In the material below, find the line with "Accostage Hotel - Photo 1" and the line with "Property photo 3 of 25 Kitchen Area", then output both and every line between them exactly, omitting pictures.

======== DATA FOR THIS EXERCISE

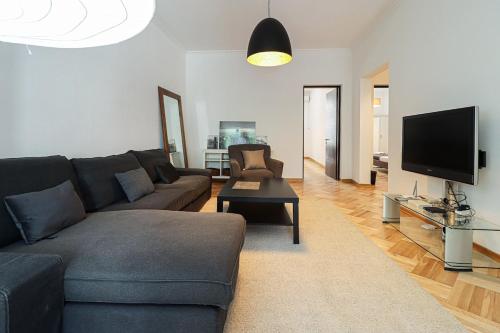 Stylish 3BR Apt near Mziuri Park By Wehost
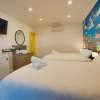 Отель Dreamy Stays Accommodation - Private Rooms with Shared Bathrooms, фото 8
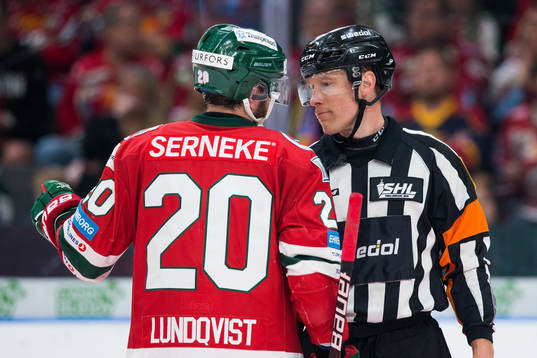 Frölundas Joel Lundqvist och Domare Tobias Björk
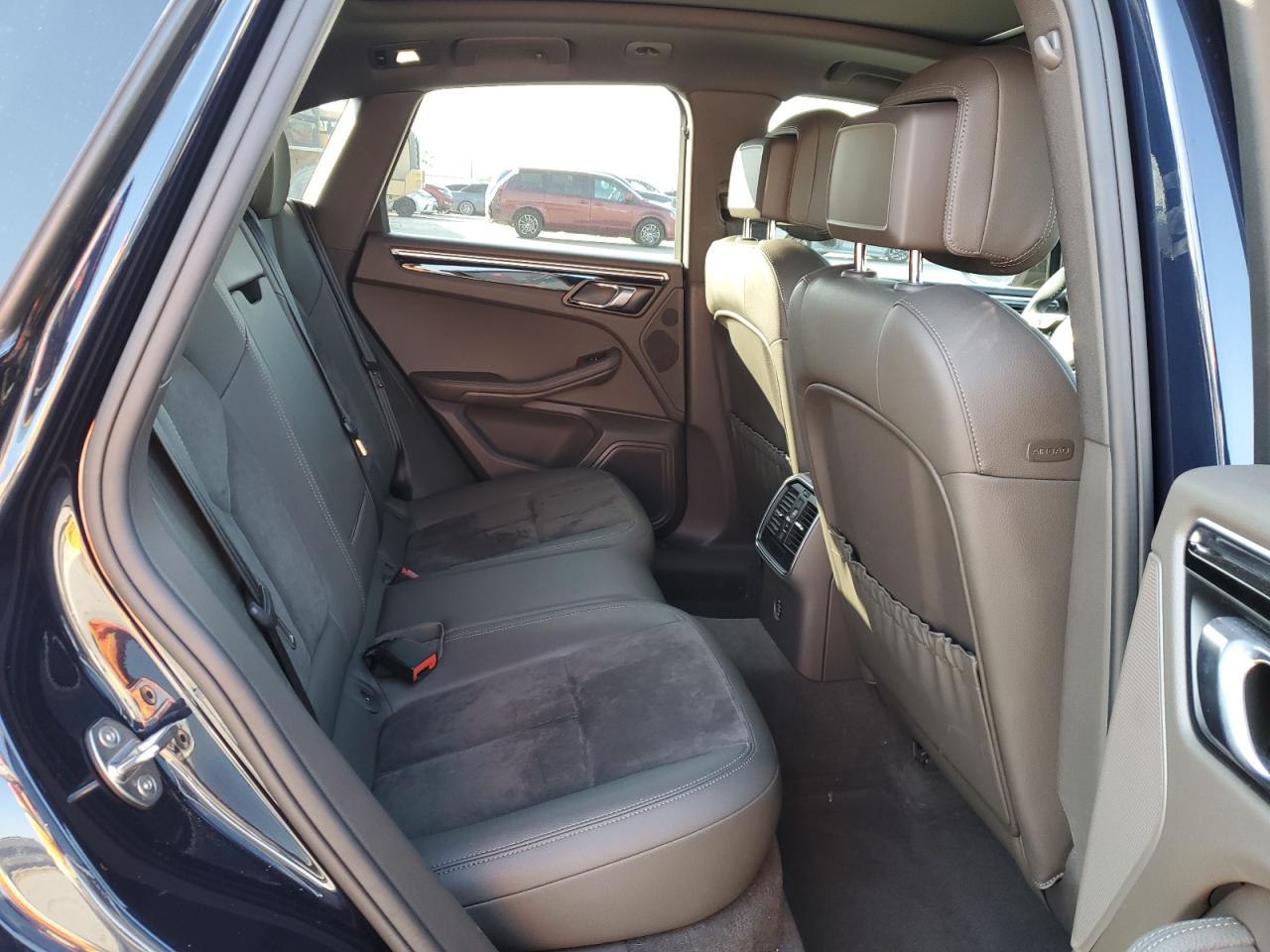 2018 Porsche Macan - Image 11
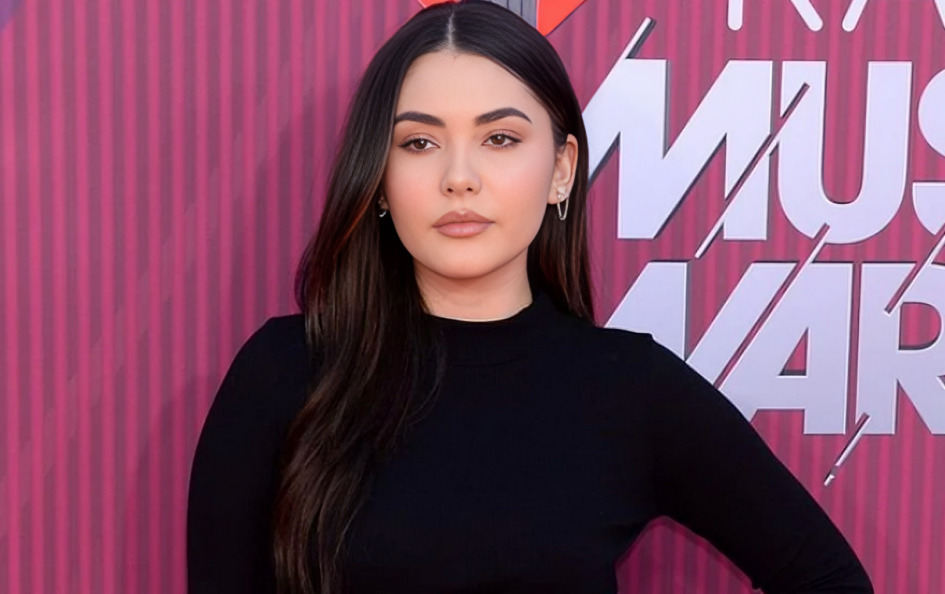 Atiana De La Hoya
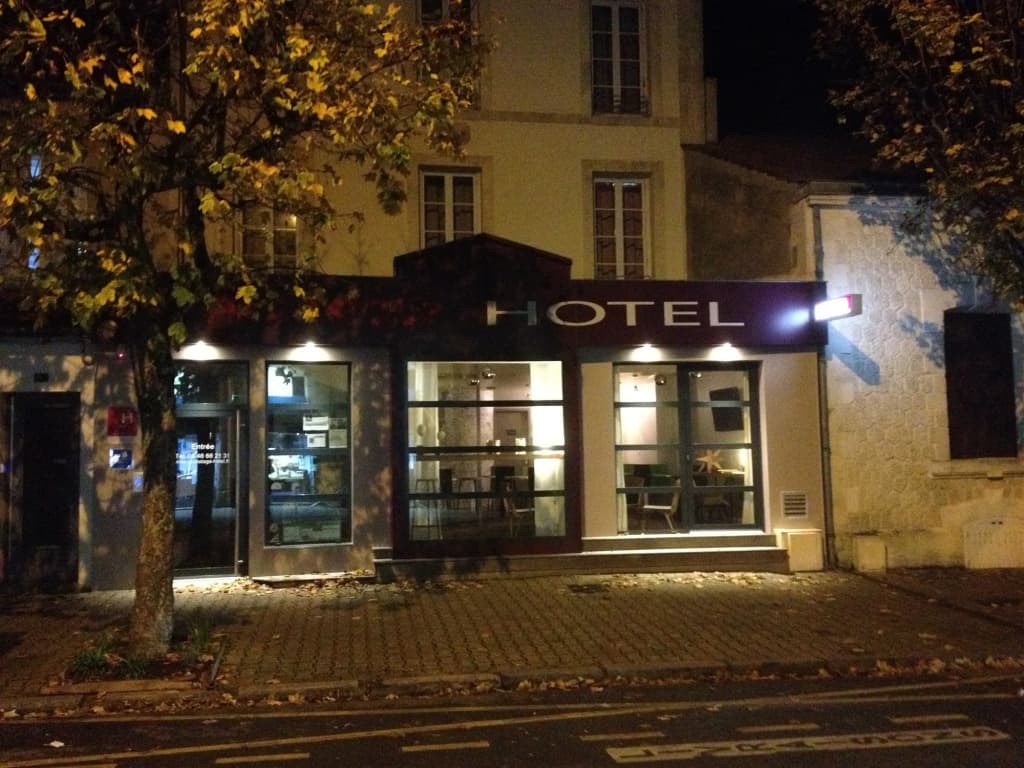 Accostage Hotel - Photo 1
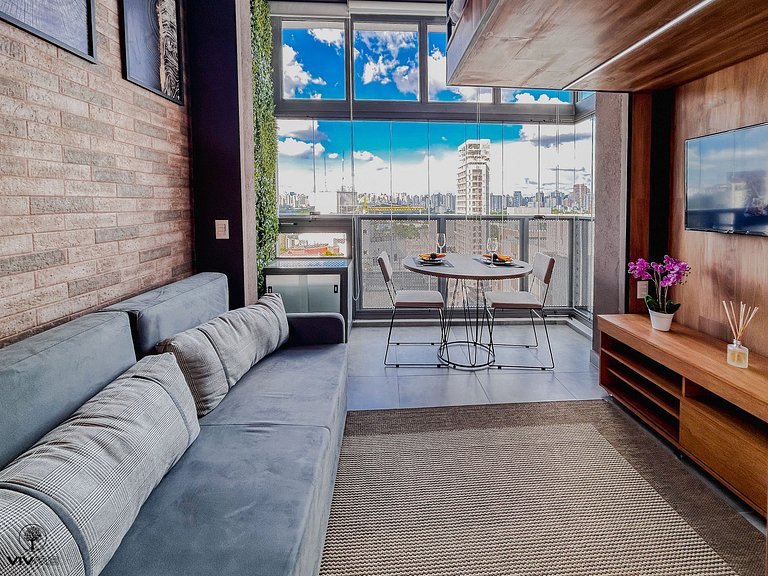 Imperium Moema Charming • Near Subway, Wi-Fi & AC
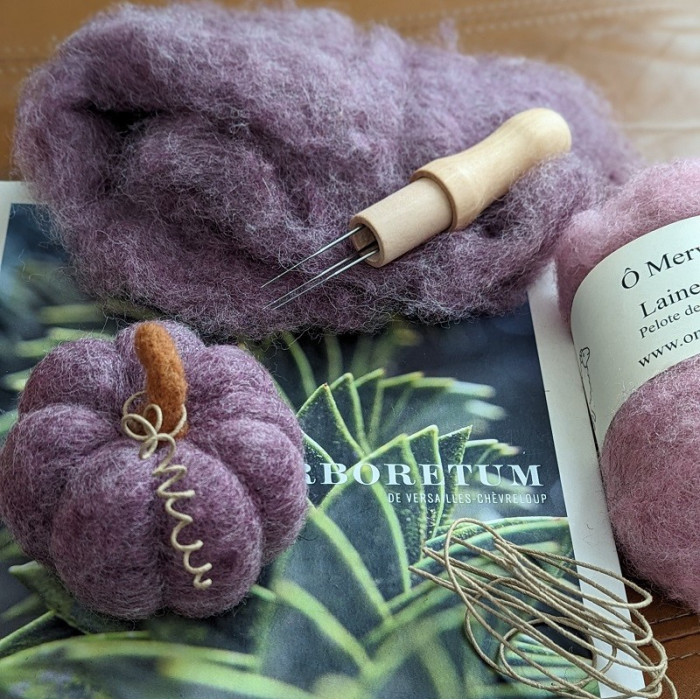 Heather mauve carded wool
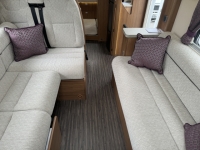 AUTO-TRAIL Comanche 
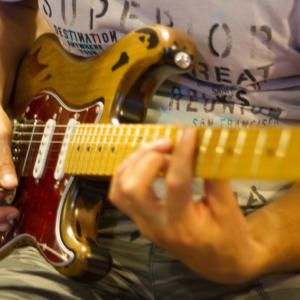 default playlist img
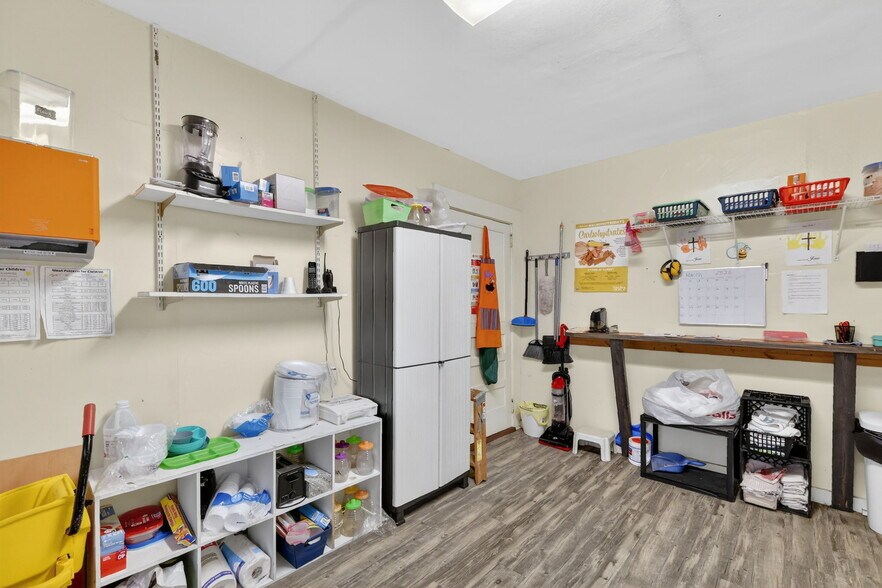More Photos Of 4075 N County Road 19A, Mount Dora Daycare Center For Sale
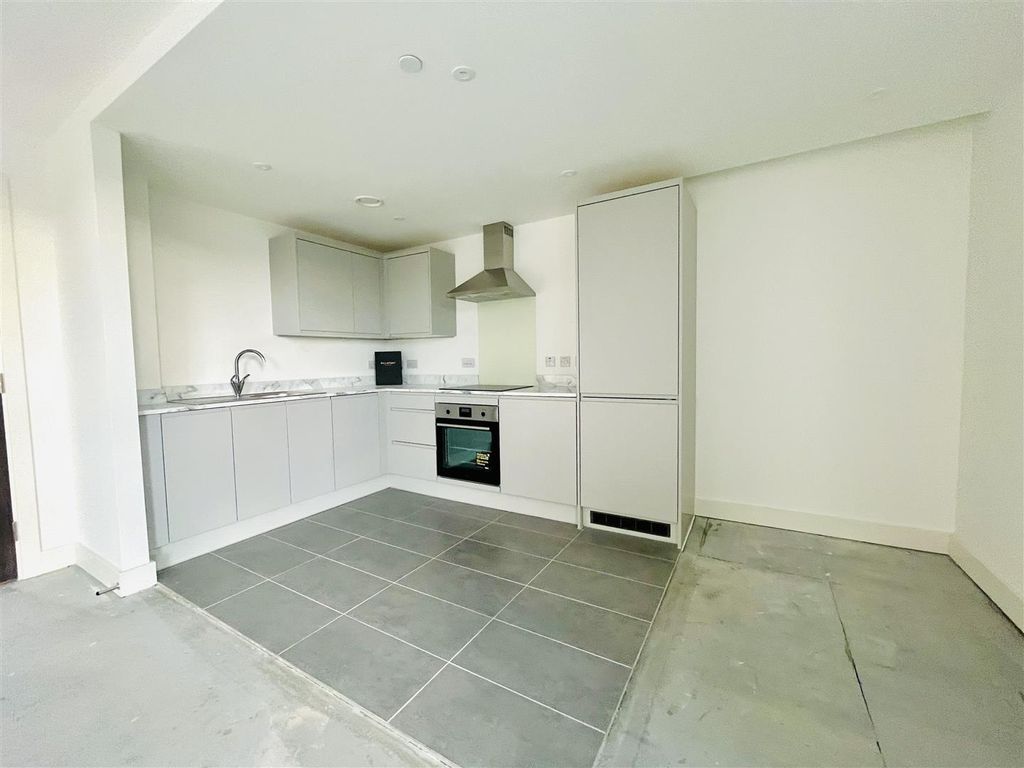 Property photo 3 of 25 Kitchen Area
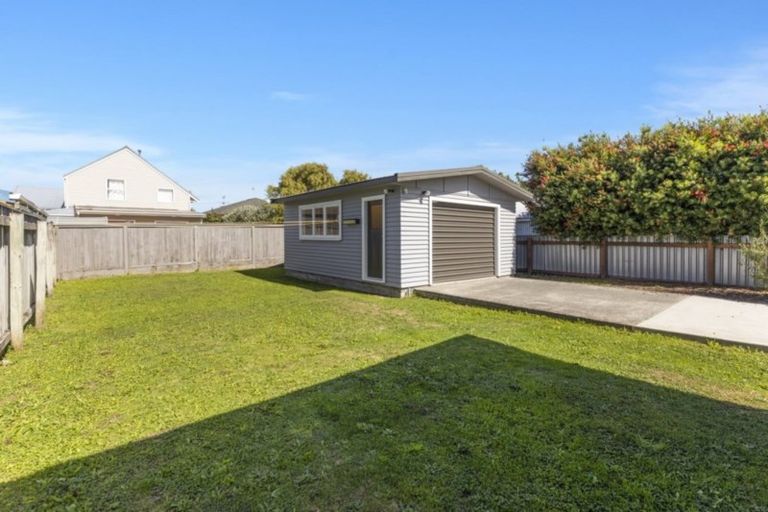 Photo of property in 28 Pilmuir Street, Hutt Central, Lower Hutt, 5010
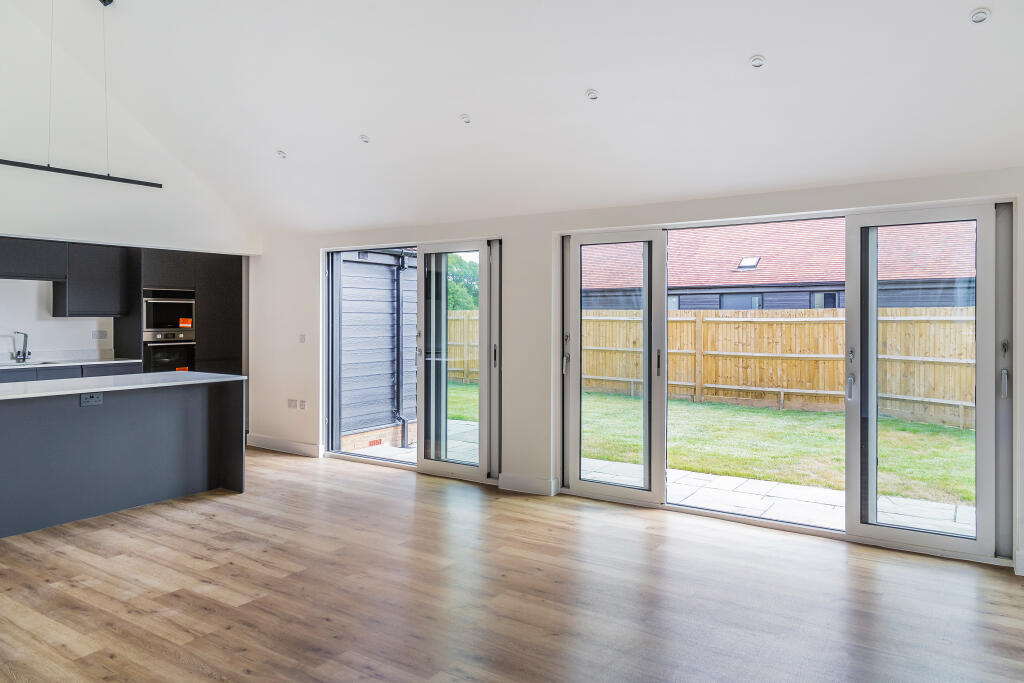 House in Redhill - View 4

================

→ ANSWER TO THE EXERCISE
 Accostage Hotel - Photo 1
 Imperium Moema Charming • Near Subway, Wi-Fi & AC
 Heather mauve carded wool
 AUTO-TRAIL Comanche 
 default playlist img
More Photos Of 4075 N County Road 19A, Mount Dora Daycare Center For Sale
 Property photo 3 of 25 Kitchen Area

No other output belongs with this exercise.